(Crawled caption data)
*** Begin section ***
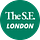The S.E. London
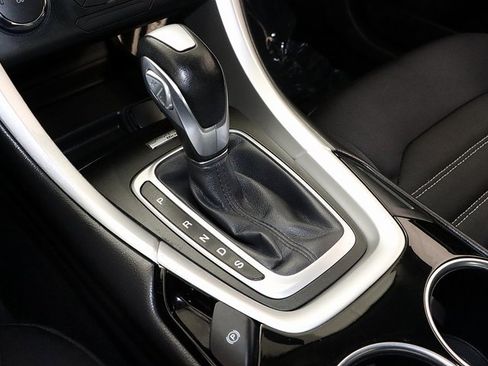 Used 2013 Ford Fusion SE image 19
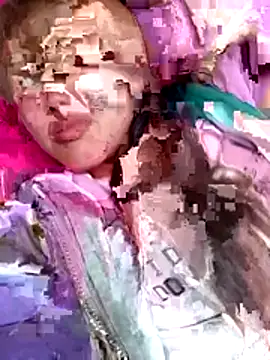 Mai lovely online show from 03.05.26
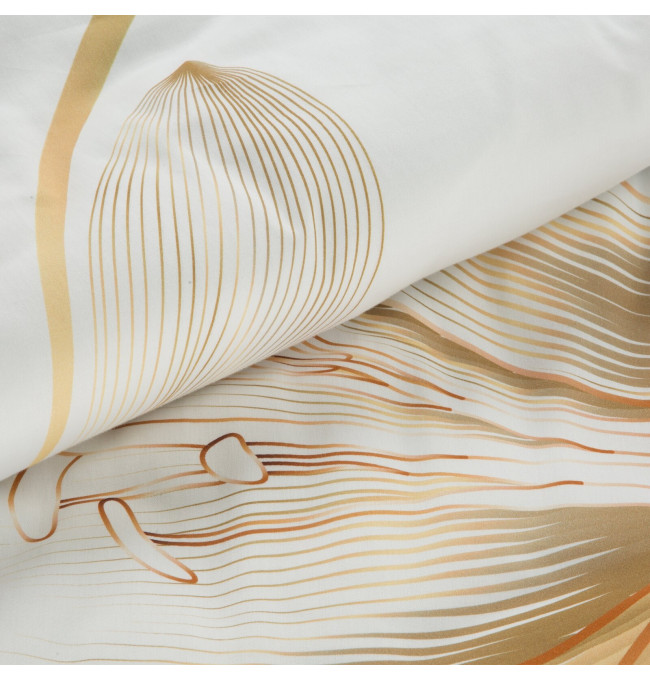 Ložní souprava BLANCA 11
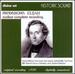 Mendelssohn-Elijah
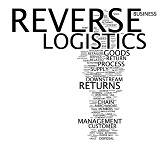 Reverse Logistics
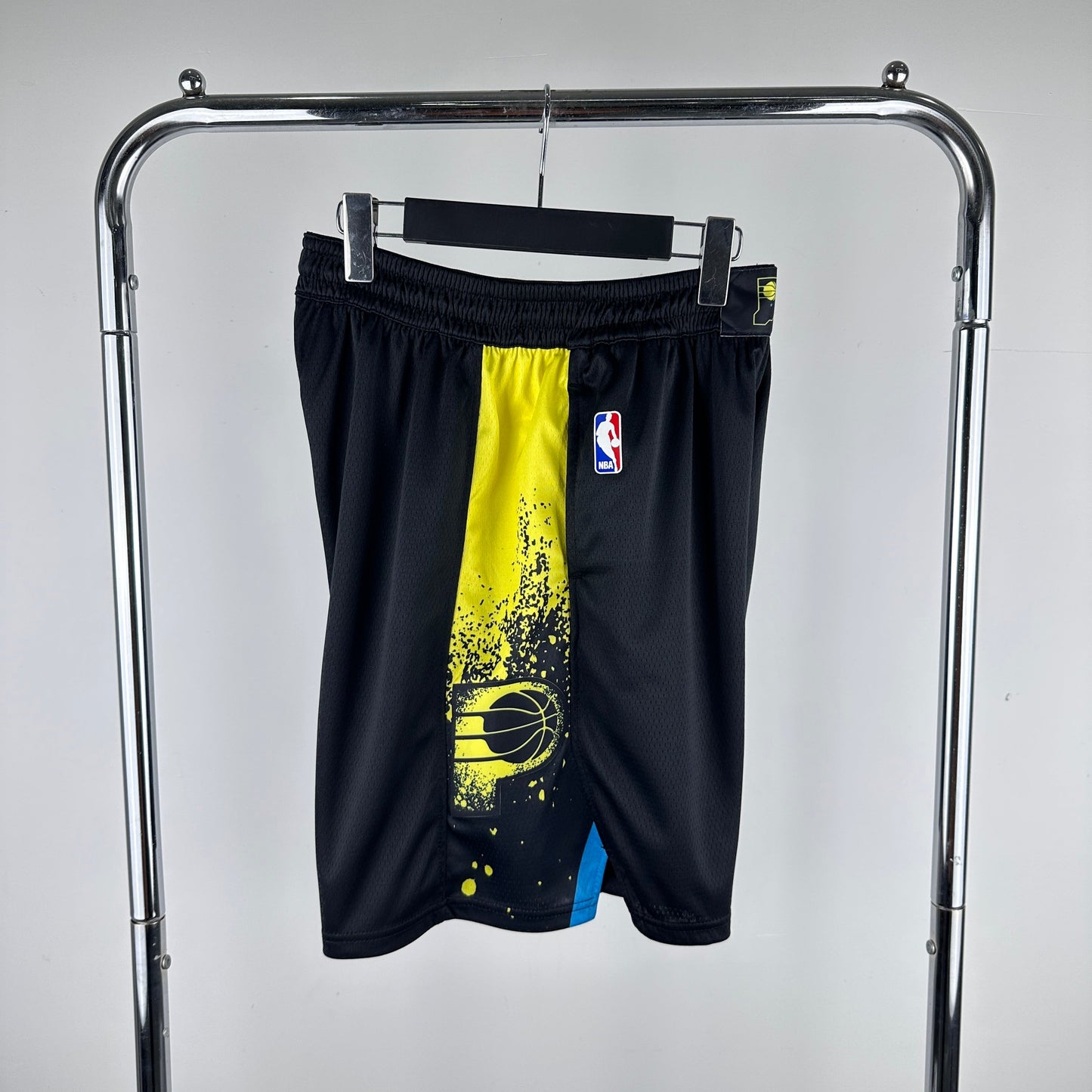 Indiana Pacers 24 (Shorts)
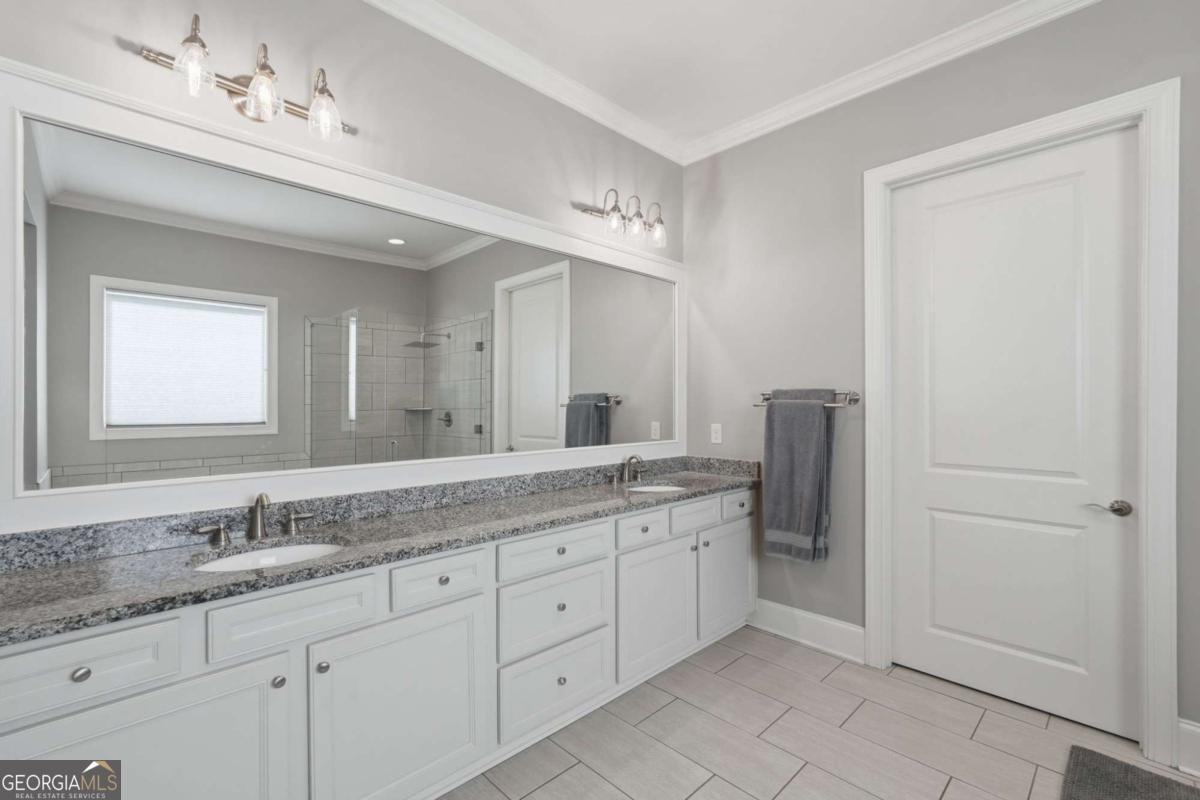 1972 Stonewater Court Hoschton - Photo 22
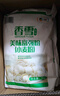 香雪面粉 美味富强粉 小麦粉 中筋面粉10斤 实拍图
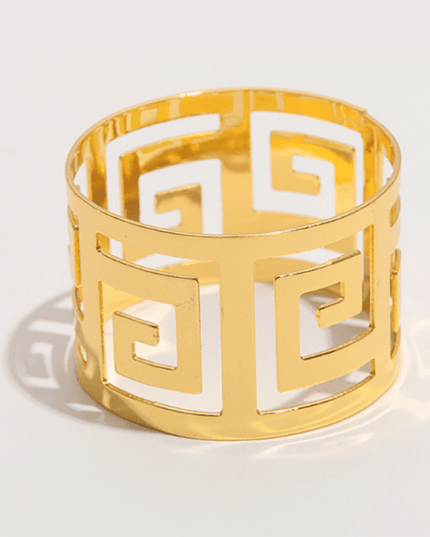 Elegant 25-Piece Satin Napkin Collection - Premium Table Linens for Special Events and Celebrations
*** End section ***
**Prompt**. Reproduce the entries above without change, omitting all pictures.

**Solution to this exercise**.
The S.E. London
 Used 2013 Ford Fusion SE image 19
 Mai lovely online show from 03.05.26
 Ložní souprava BLANCA 11
 Mendelssohn-Elijah
 Reverse Logistics
 Indiana Pacers 24 (Shorts)
 1972 Stonewater Court Hoschton - Photo 22
 香雪面粉 美味富强粉 小麦粉 中筋面粉10斤 实拍图
 Elegant 25-Piece Satin Napkin Collection - Premium Table Linens for Special Events and Celebrations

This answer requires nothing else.